● PROBLEM TO SOLVE
Look below for the line that contains "Fridge magnet: colorful", then copy it and each following line to the end of the records, minus any pictures.

● ENTRIES SUPPLIED
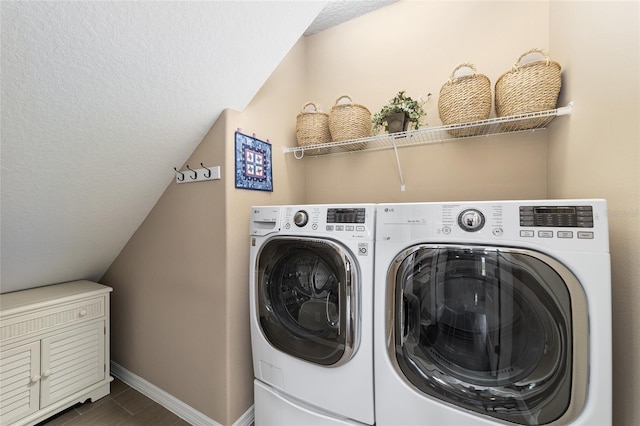 washroom with washing machine and clothes dryer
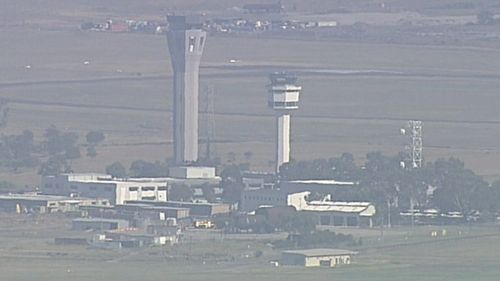 Flights have been suspended at Melbourne Airport after a fire alarm sounded in a control tower.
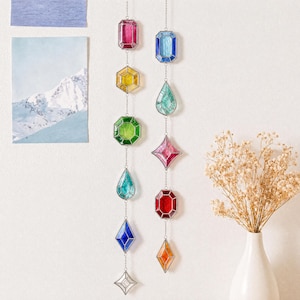 May include: Two vertical hanging decorations featuring multi-colored stained glass shapes in various geometric forms including rectangles, hexagons, diamonds, and teardrops. Each piece is connected by a thin silver metal chain, creating a vibrant display of red, yellow, green, blue, and orange hues.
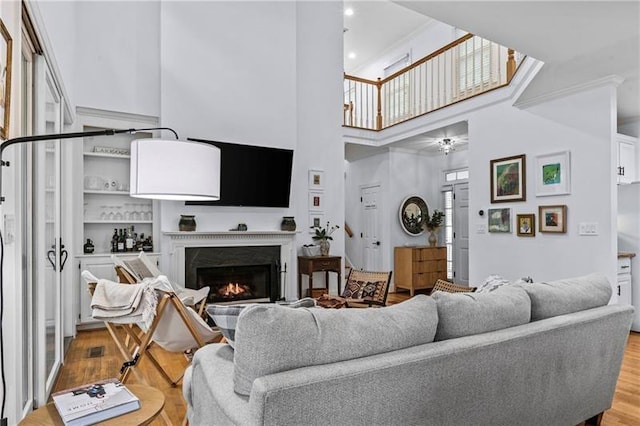 137 Oakton S, Eatonton, GA 31024 - living room with light wood-style flooring, a high ceiling, a warm lit fireplace, and ceiling fan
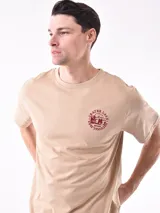 Remera blanca de corte recto con estampa fotográfica de edificios en la parte frontal.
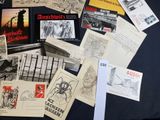 many different types of postcards on a table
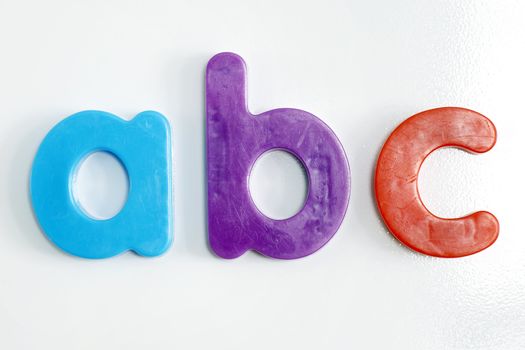 Fridge magnet: colorful plastic alphabet letters on textured white refrigerator.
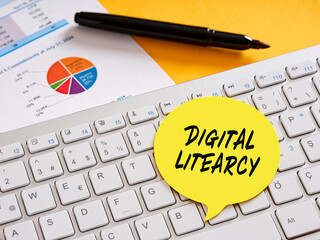 Digital literacy sticky note on keyboard with charts and pen promoting online education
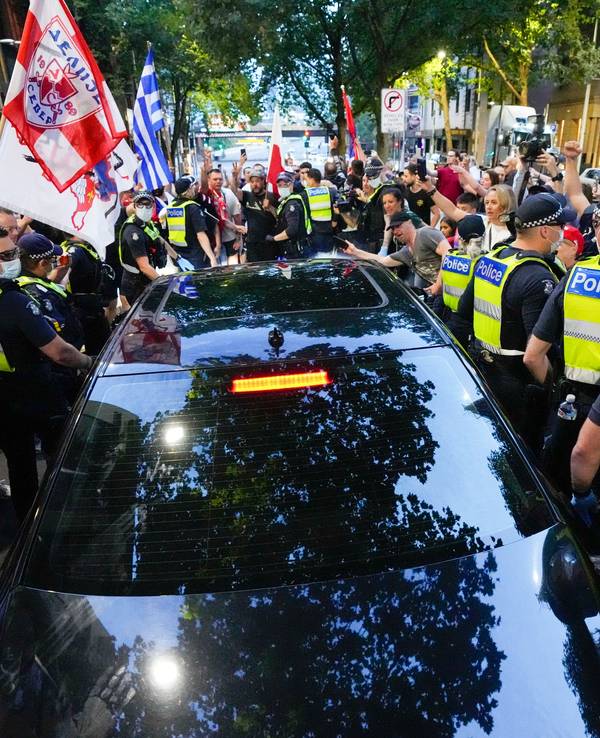 Anhänger des serbischen Tennisspielers Novak Djokovic stehen um ein von der Polizei umringtes Fahrzeug, das das Büro eines Anwalts verlässt.
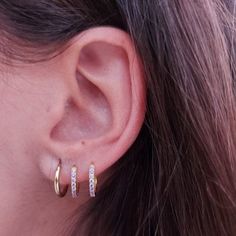 Our Simple Huggie Hoops are the perfect addition to your jewelry collection. The staple that you'll never want to take off, and never have to. Use these as a base for your curated ear stack or wear alone for a modern, minimalist allure. DETAILS & SIZE Sold as a pair Composition: 14k gold, rose gold, or white gold plated over sterling silver Measurements: Your choice of 5mm, 6mm, 7mm, 8mm, or 9mm Hinged hoops with a secure snap post closure Read about how to care for your jewelry here. Shop the E Ear Bar, Curated Ear, Ear Stack, Women's Jewelry And Accessories, Silver Material, Gold Rose, Rose Gold Plates, Women's Jewelry, Modern Minimalist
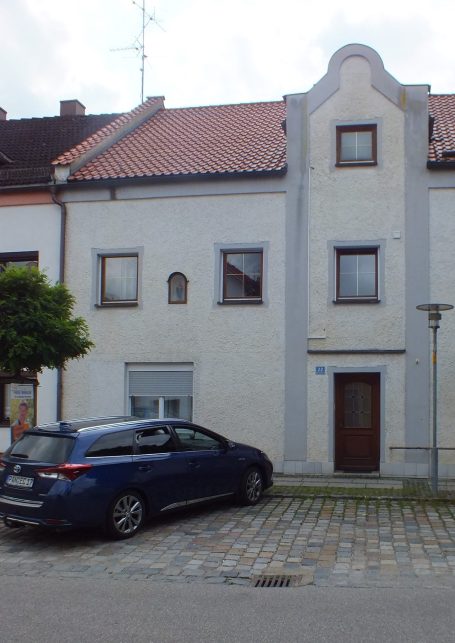 Helles Gebäude mit grauer Fassade, einem Auto davor und einem Baum an der Seite.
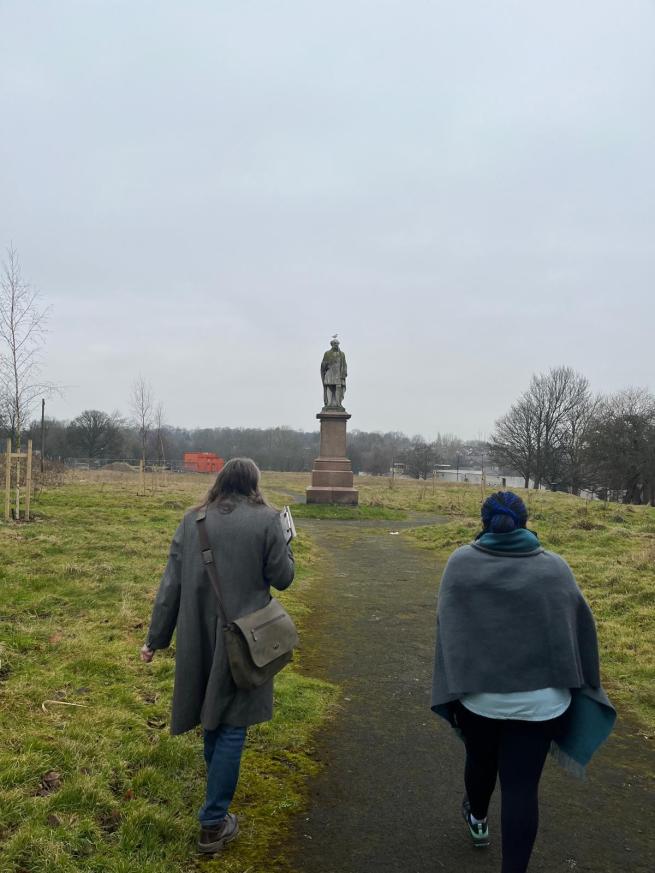 Heritage walkers on Monument Moor in Leeds, walking towards the statue of Henry Rowland Marsden. A seagull is sitting on the statue's head.
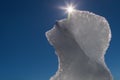 Melting ice floe with sun and blue sky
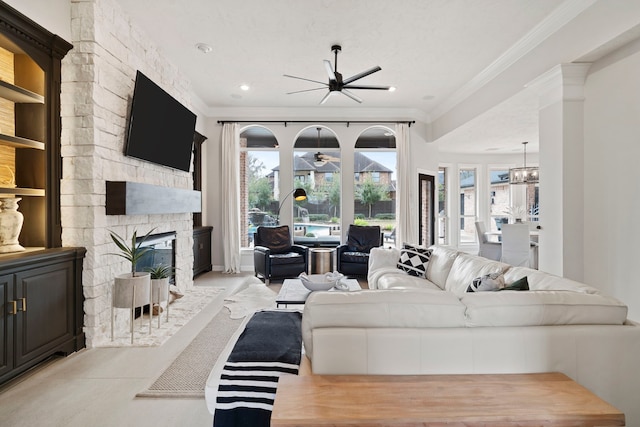 living room with crown molding, ceiling fan with notable chandelier, and a stone fireplace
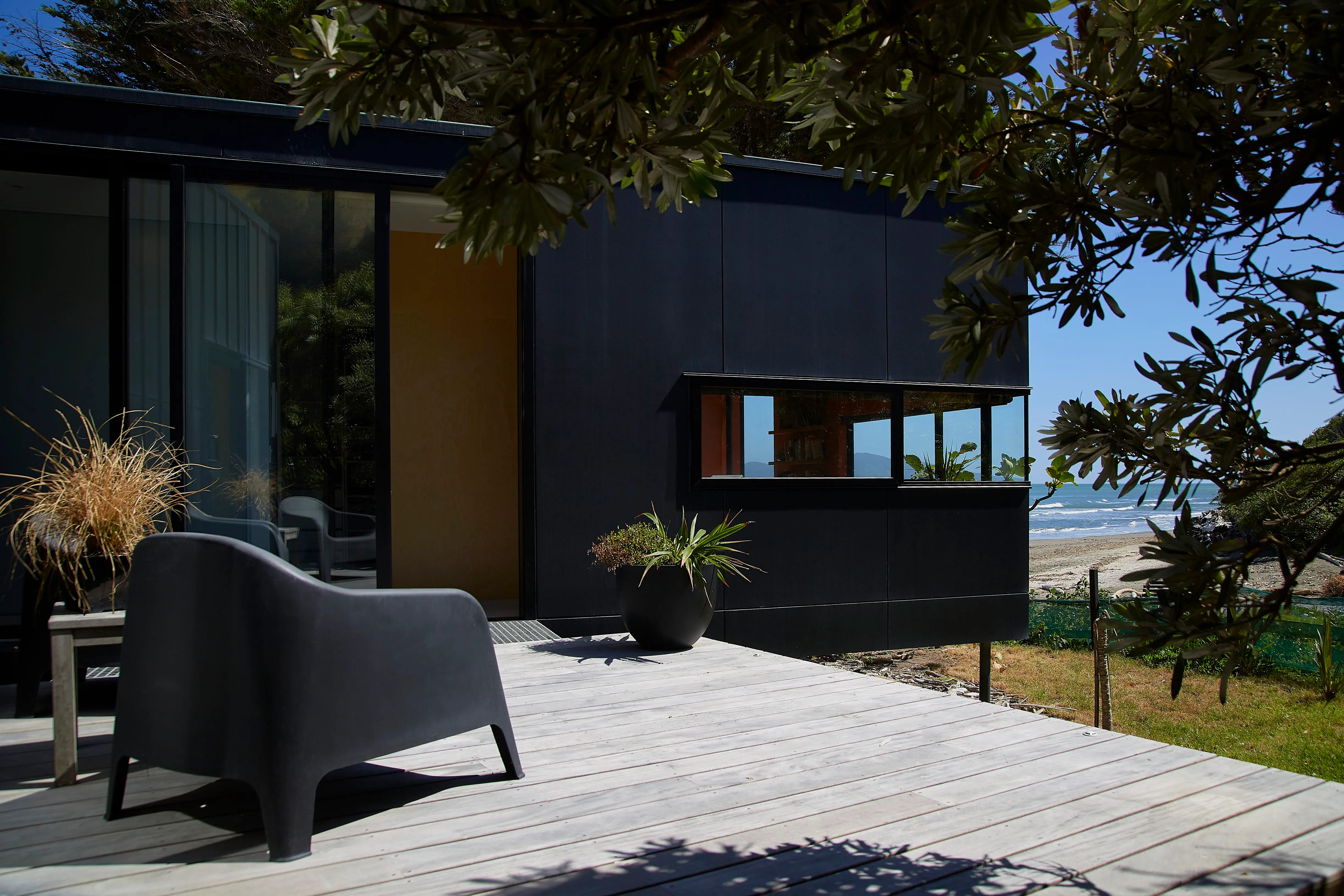 Timber deck beside the black-clad exterior of the house, with a long horizontal window and the beach and sea beyond.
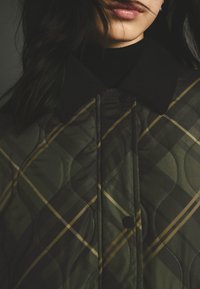 Jachetă verde quilted cu guler negru, cu un model de carouri aurii și verzi și detalii cu cusături mari, rotunjite.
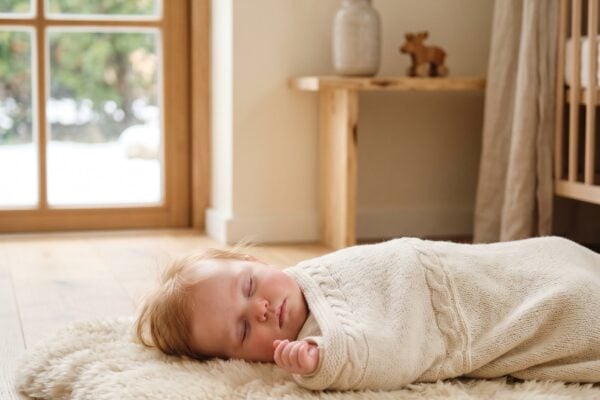 Scandinavian baby girl wrapped in cream knit blanket on sheepskin rug in minimalist Nordic nursery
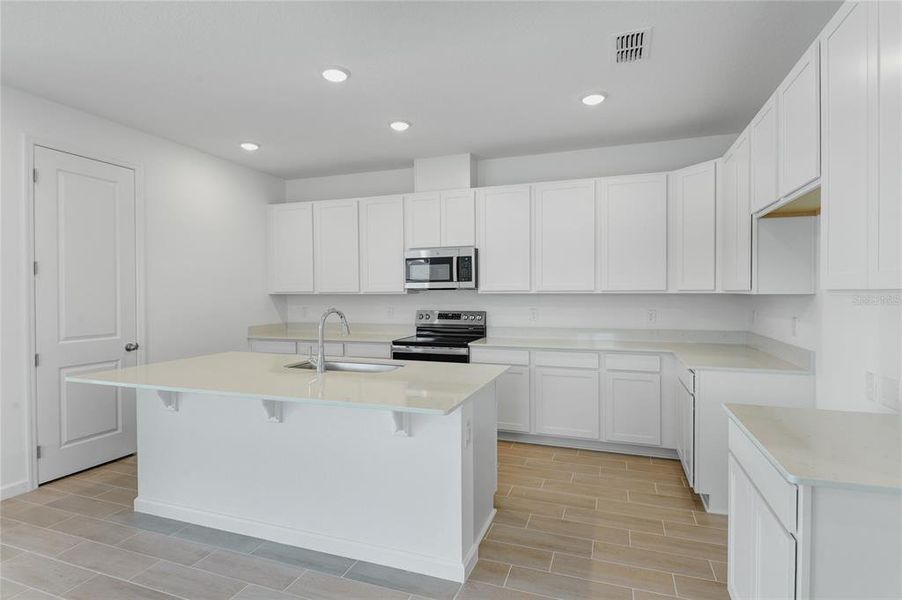Furnished interior view inside a new home in Seasons at Grandview Gardens, Deland (Image 5).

● ANSWER SECTION
 Fridge magnet: colorful plastic alphabet letters on textured white refrigerator.
 Digital literacy sticky note on keyboard with charts and pen promoting online education
 Anhänger des serbischen Tennisspielers Novak Djokovic stehen um ein von der Polizei umringtes Fahrzeug, das das Büro eines Anwalts verlässt.
 Our Simple Huggie Hoops are the perfect addition to your jewelry collection. The staple that you'll never want to take off, and never have to. Use these as a base for your curated ear stack or wear alone for a modern, minimalist allure. DETAILS & SIZE Sold as a pair Composition: 14k gold, rose gold, or white gold plated over sterling silver Measurements: Your choice of 5mm, 6mm, 7mm, 8mm, or 9mm Hinged hoops with a secure snap post closure Read about how to care for your jewelry here. Shop the E Ear Bar, Curated Ear, Ear Stack, Women's Jewelry And Accessories, Silver Material, Gold Rose, Rose Gold Plates, Women's Jewelry, Modern Minimalist
 Helles Gebäude mit grauer Fassade, einem Auto davor und einem Baum an der Seite.
 Heritage walkers on Monument Moor in Leeds, walking towards the statue of Henry Rowland Marsden. A seagull is sitting on the statue's head.
 Melting ice floe with sun and blue sky
 living room with crown molding, ceiling fan with notable chandelier, and a stone fireplace
 Timber deck beside the black-clad exterior of the house, with a long horizontal window and the beach and sea beyond.
 Jachetă verde quilted cu guler negru, cu un model de carouri aurii și verzi și detalii cu cusături mari, rotunjite.
 Scandinavian baby girl wrapped in cream knit blanket on sheepskin rug in minimalist Nordic nursery
Furnished interior view inside a new home in Seasons at Grandview Gardens, Deland (Image 5).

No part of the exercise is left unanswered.